I agree that the the swepty trucks were capable and have out them through the paces loaded to the hilt. For towing disk brakes and independent from suspensions are so much better as you pointed out.

In my case by the time I upgrade to an open knuckle front diff, move the gas tank under the bed (for leg room and capacity increase), add power steering, etc. I would be better off moving my body work over to a new chassis. Also the frames on the Lifestyle trucks are stiffer (ignoring the issue around the steering box).

With all of that said I have hammered, beat, jumped, wheeled, overloaded and generally abused my '70 W100 for six years and it will not give up. I bought it as a parts truck too! It is one tough s oh b.

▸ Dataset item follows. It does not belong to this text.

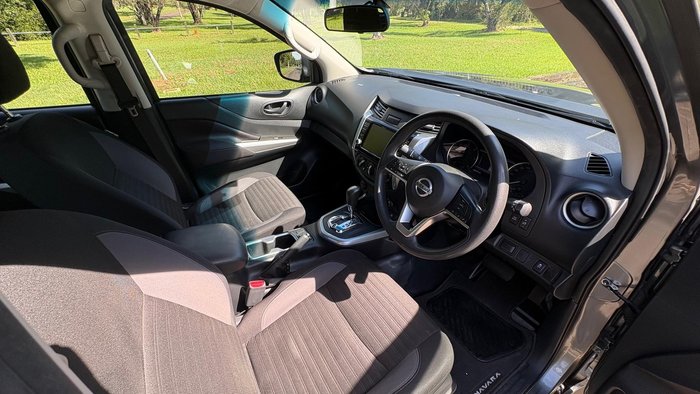 2022 Nissan Navara SL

In fact if my '70 would give up I'd be getting much more momentum to get my '65 W100 (the truck that started my sweptline adventures) done.

FYI steff they make pretty decent floor pans and rocker panels for the 61-71 trucks but things like door locks, fan motors, and seat covers are nonexistent to my knowledge. If I was going down the path you are looking into I'd find a clean /6 2wd 61-71 in the bed style of your choice and start measuring to see if a 12V cummins chassis would work without moving things around too much.

Also FYI lots of little stuff changed on the 61-71 trucks over the years so make sure to look into those idiosyncrasies as well.